Schedule E vs. Schedule C - Substantial Services
Your business activities determine whether you must report your business tax situation using Schedule E or Schedule C (profits or losses from small businesses).
If you are renting a building and providing basic services, such as heat and light, collection of trash, etc., you should report your rental income and expenses on Schedule E (Part 1). According to the IRS, if you provide substantial services mainly for your tenant's convenience, report your rental income and expenses on Schedule C of your Form 1040, or on Form 1065 if you are a partnership.
If you provide services to occupants primarily for their convenience, they are not considered services associated with the rental of rooms for occupancy only. Regular cleaning services, maid services, bed linen changes, but not the provision of heat and light, cleaning of public areas, trash removal, and so on, are considered substantial services.
You must also pay self-employment taxes on this income if you provide substantial services and are considered a business owner.
How to file your Schedule E
You need only complete the parts of the Schedule E that pertain to your income or losses. For example, if you receive income from a partnership, complete only the section that applies to partnerships. The schedule must be attached to your Form 1040 and submitted by the deadline.
A personal tax return includes a number of schedules, including Schedule E. It reports income from a variety of sources. Each part of the form reports a different type of income.

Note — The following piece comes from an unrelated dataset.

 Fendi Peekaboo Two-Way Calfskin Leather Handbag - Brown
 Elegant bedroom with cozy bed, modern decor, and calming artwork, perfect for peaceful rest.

In the event you have income from several businesses or rental properties, list them all on Schedule E. You can list up to 3 rental properties, or up to 4 partnerships or S corporations. A second sheet can be used if there are too many items to list directly on the form.
Part I: Income from Rental Real Estate and Royalties
You will report income or loss from individual properties in this section. It is best to separate fair rental days (the days when the property was rented at a fair market price) from personal use days. For each property, income and expenses must be detailed.
Part II: Partnerships and S corporations
To report your income as a partner or owner of a partnership, a multi-member LLC, or an S corporation, there are three steps.
Step 1: Calculate and report the business net income
Business income and expenses must be reported on Form 1065 by partnerships and multiple-owner LLCs, including total income, expenses, and net income. This includes income from rental real estate, which is reported on Form 8825, Rental Real Estate Income, and Expenses of a Partnership or S Corporation. S corporations calculate their business income and expenses on Form 1120-S.
Step 2: Make determinations for each owner
Separate income, deductions, and credits for each owner based on their written agreement for each business type and whether they received passive or active income.
Step 3: Prepare Schedule K-1
Prepare a Schedule K-1 for an individual owner, including the information on Schedule E.Individual partners' share of ordinary income, rental income, real estate income, interest, dividends, royalties, short-term and long-term capital gains, other income and losses, section 179 deductions, and other deductions are listed on Schedule K-1.
Trustees and estates are required to report income or losses on Schedule E, part III. As with partnerships and S corporations, trusts and estates issue Schedule K-1s to beneficiaries reporting their respective income, losses, and deductions. The K-1 will be used to complete Part III of Schedule E.
Schedule E's Part IV is used to report income or loss from a Real Estate Mortgage Investment Conduit (REMIC). With investor funds, REMICs purchase residential and commercial mortgages and collect mortgage payments.
Investors in REMICs should receive Schedule Q, which tells them how much of the REMIC's profits they need to report on their tax returns.
Getting Help With Schedule E
Schedule E is a complex form. This article is intended to provide a general overview of the topic, and not to offer tax or legal advice. If you are unsure about any action to take, please get in touch with a tax professional.